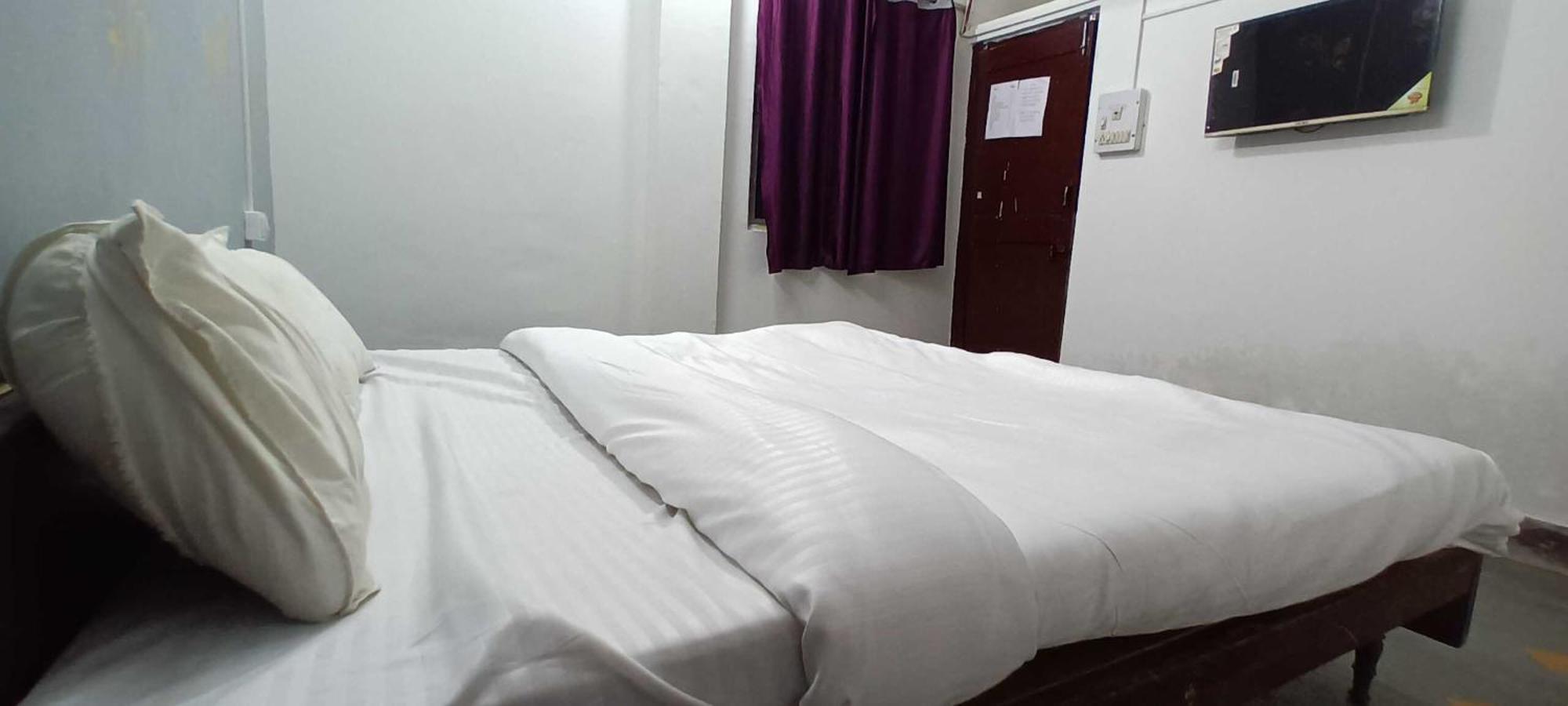 Hotel O Grand Stay Bhopal Eksteriør bilde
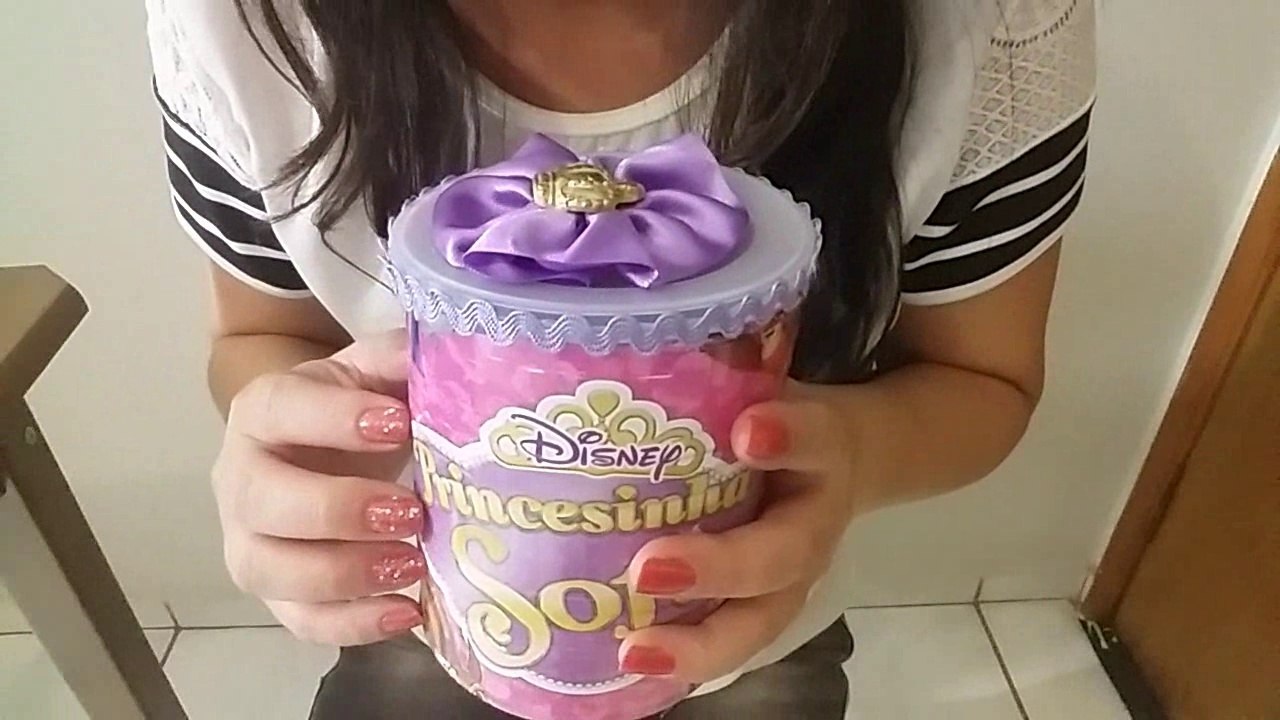ASMR Português - Lembrancinhas de aniversário - comendo pipoca doce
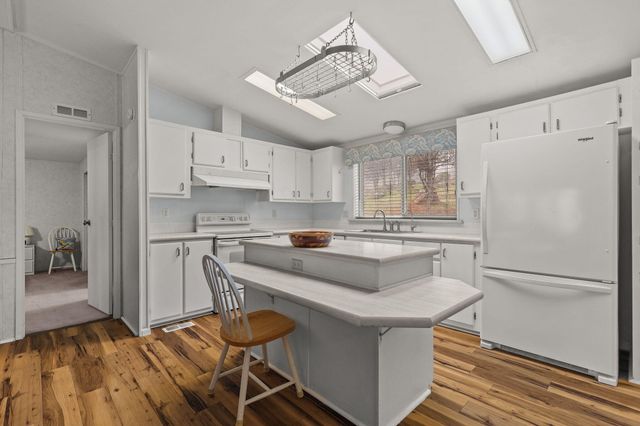 22555 E Elk Trail, Redding, CA 96003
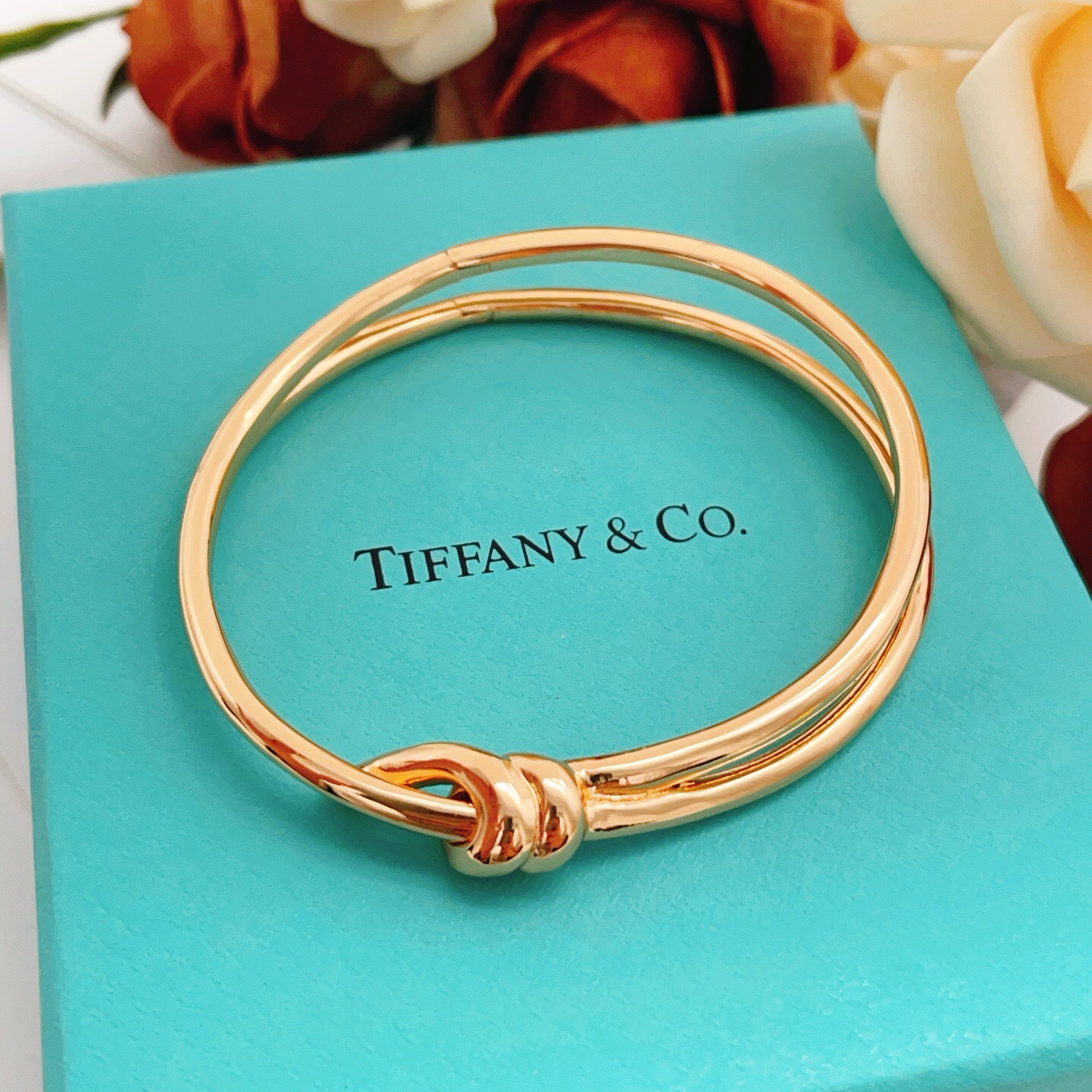 【Tiffany*帝芙尼最新款🆕🆕玫瑰金光面双行绳结手镯】一致官网黄铜材质，非常的上镜‼️设计很特别值得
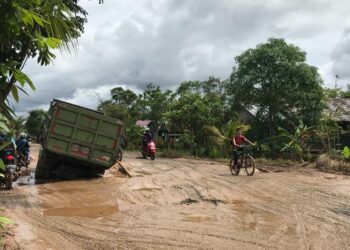 Dewan Soroti Poros Jalan Palingkau, Bak Gubangan Lumpur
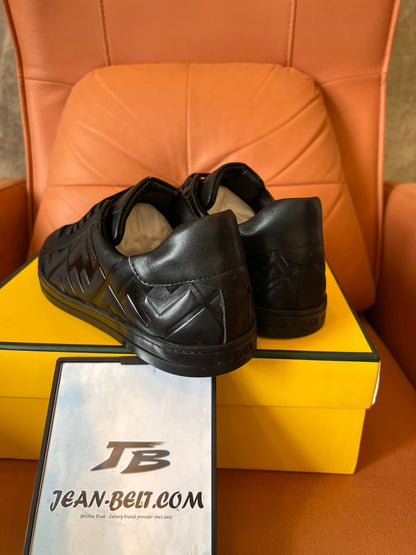Zapatillas deportivas de piel con relieve de Fendi
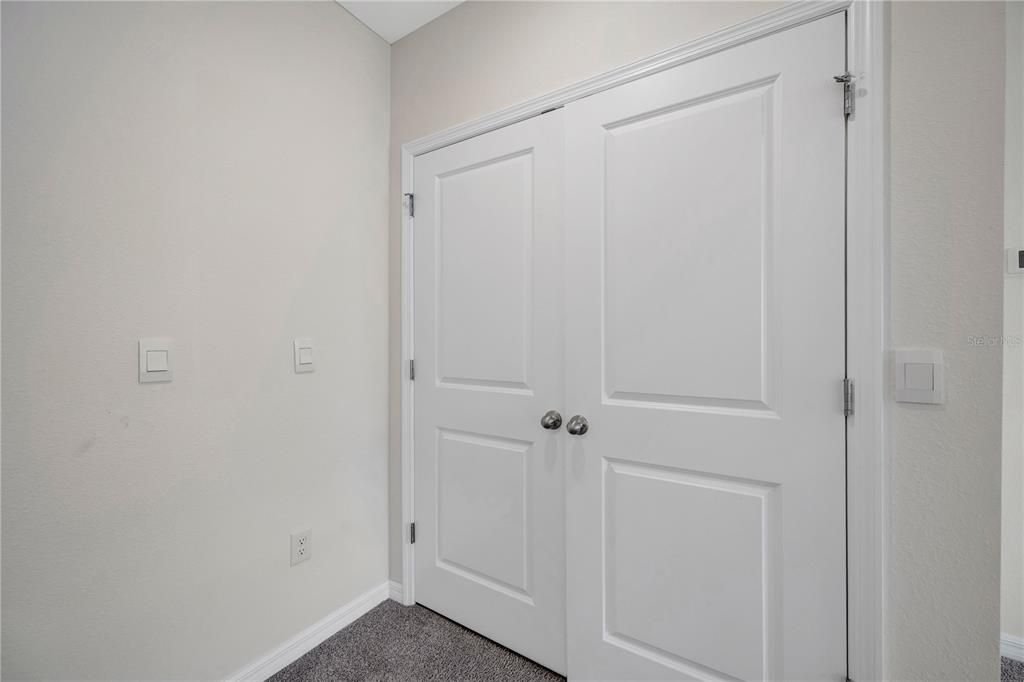 For Sale: $325,000 (3 beds, 2 baths, 1758 Square Feet)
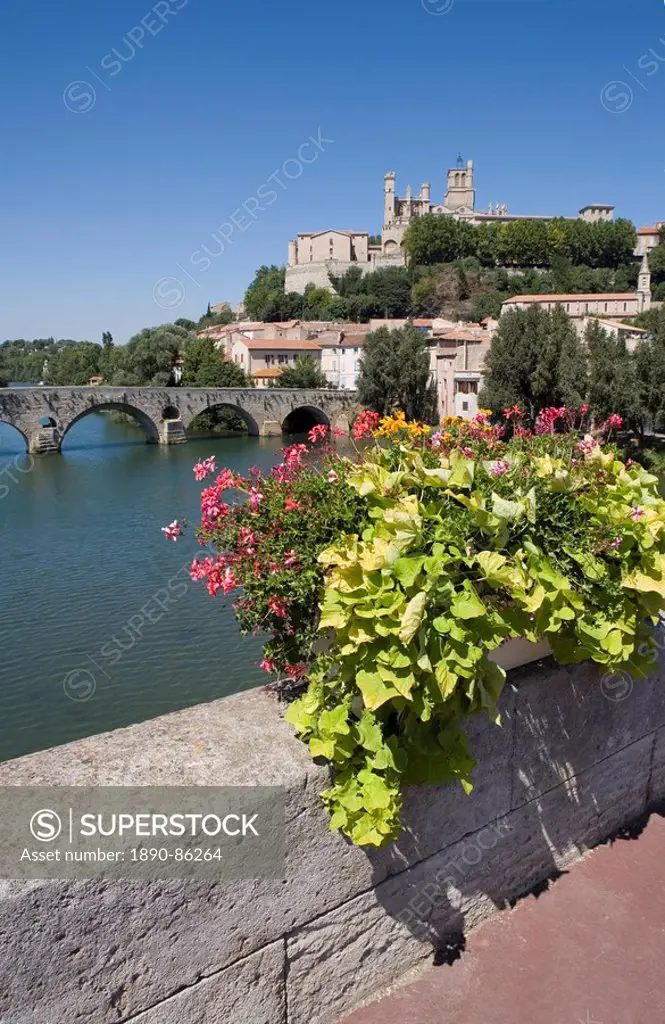 View of Pont Vieux from Pont Neuf, River Orb, Cathedrale St._Nazaire, Beziers, Herault, Languedoc_Roussillon, France, Europe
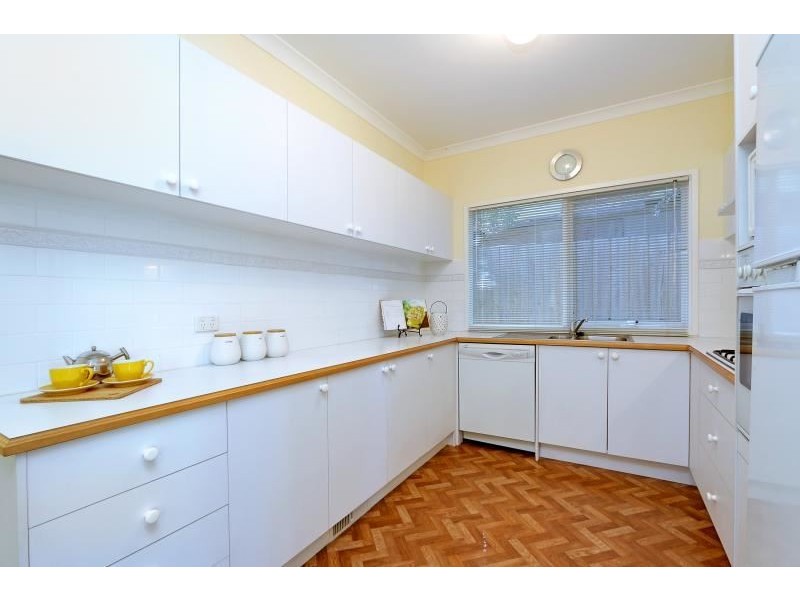 13 Philip Street, Mornington VIC 3931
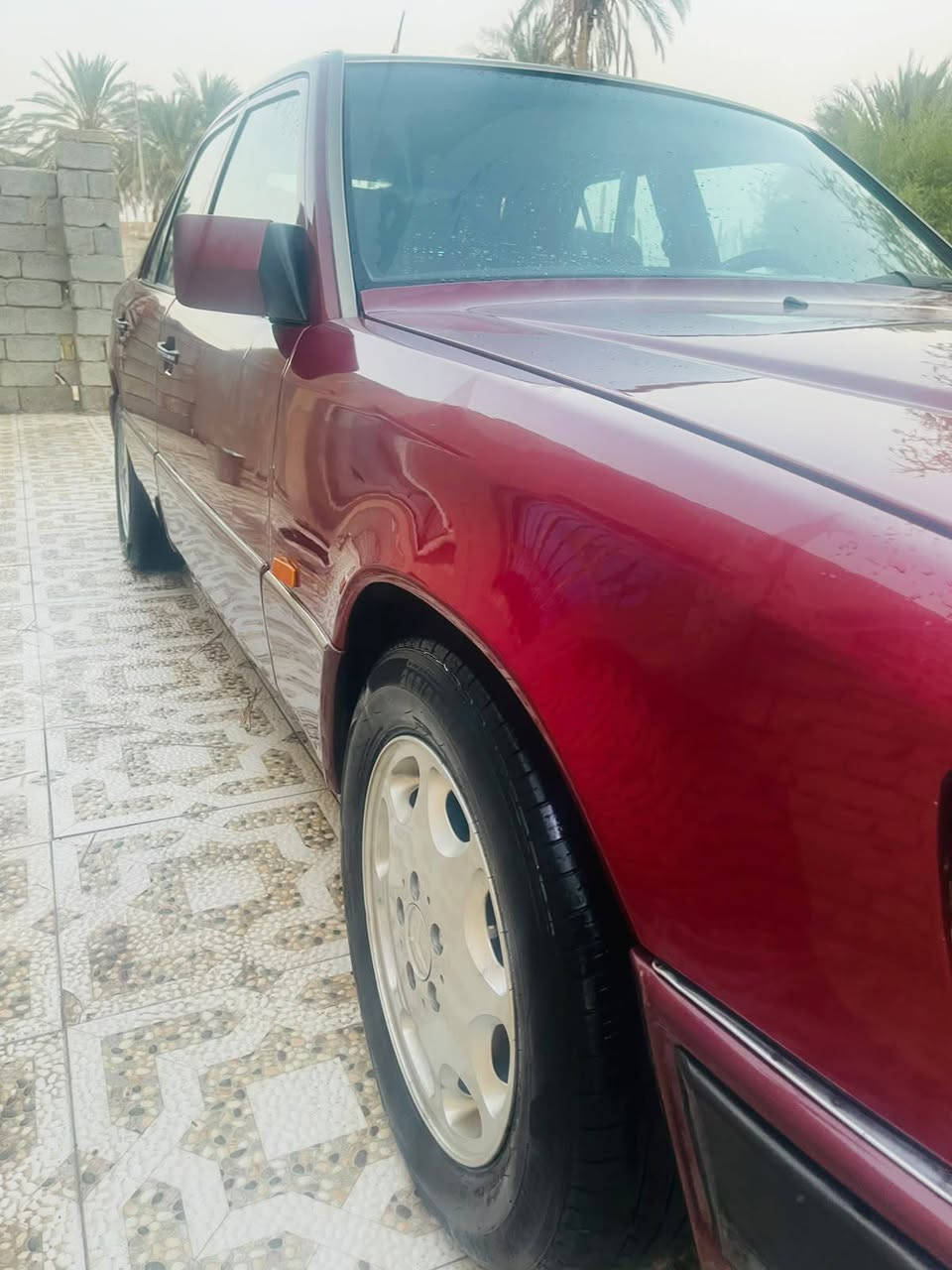 السلام عليكم 

مارسدس دب1991 سياره نضيفه حداديه كارتون تخم تاير

 منضومه تبريد توني شادها 

مكينه 3000 vvt

السياره جاهزه باسمي تحويل ثاني يوم 
سعرها 70 وبيها مجال 

*********** مكاني شطرة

- - -

What to do => None of the lines before the one containing "مارسدس دب1991 سياره" belong in the answer; reproduce that line and all later lines of the records exactly.

Answer space =>
مارسدس دب1991 سياره نضيفه حداديه كارتون تخم تاير

 منضومه تبريد توني شادها 

مكينه 3000 vvt

السياره جاهزه باسمي تحويل ثاني يوم 
سعرها 70 وبيها مجال 

*********** مكاني شطرة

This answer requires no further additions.